Non capita spesso di leggere una riflessione lucida, franca e “fuori dagli schemi” su trent’anni di mafia e antimafia. È quello che esprime il saggio “La mafia è dappertutto-Falso”, della collana Idola per i tipi Laterza, scritto dal giurista palermitano Costantino Visconti. Un lavoro che farà discutere. E che propone il bilancio di una lunga stagione delle istituzioni e della società italiana, in cui spiccano successi e contraddizioni, populismi e coraggio, tradimenti e speranze.
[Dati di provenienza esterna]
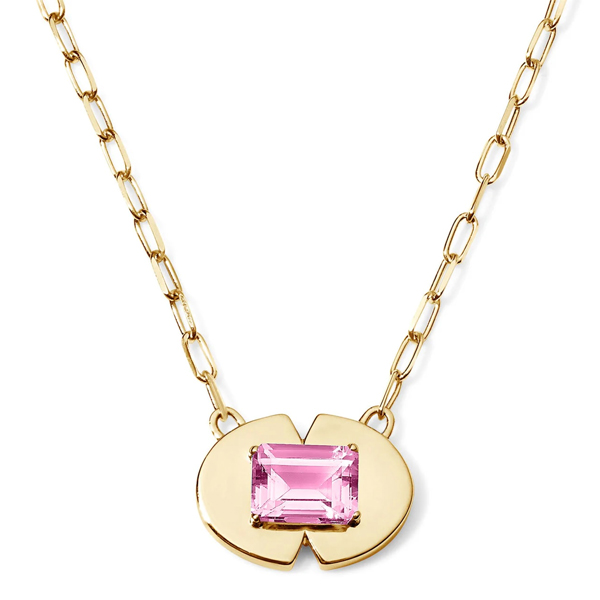 Stephanie Gottlieb pink tourmaline necklace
Per sviluppare la sua trama, l’autore muove dal “luogo comune” della “onnipresenza mafiosa”, molto in auge e sovente rievocato con enfasi e a sproposito. Mette in guardia dalla sua insidiosità. Non solo sul piano politico-sociale ma anche su quello giudiziario. Punta il dito contro quelle semplificazioni che non permettono di “distinguere” e di “intervenire selettivamente” sui misfatti delle organizzazioni criminali, ma paiono funzionali alla promozione di ambizioni personali o collettive. In tale prospettiva, non risparmia la magistratura, con una critica discreta nelle forme ma, come si dirà, sommaria nei contenuti sul presunto “protagonismo dei giudici”.
L’autore sottolinea, invece, l’importanza dell’impegno quotidiano di “resistenza alle prepotenze dei clan” di quei servitori dello Stato e comuni cittadini, di cui non conosciamo neppure nomi e volti e grazie ai quali possiamo “guardare al futuro” con la giusta dose di ottimismo.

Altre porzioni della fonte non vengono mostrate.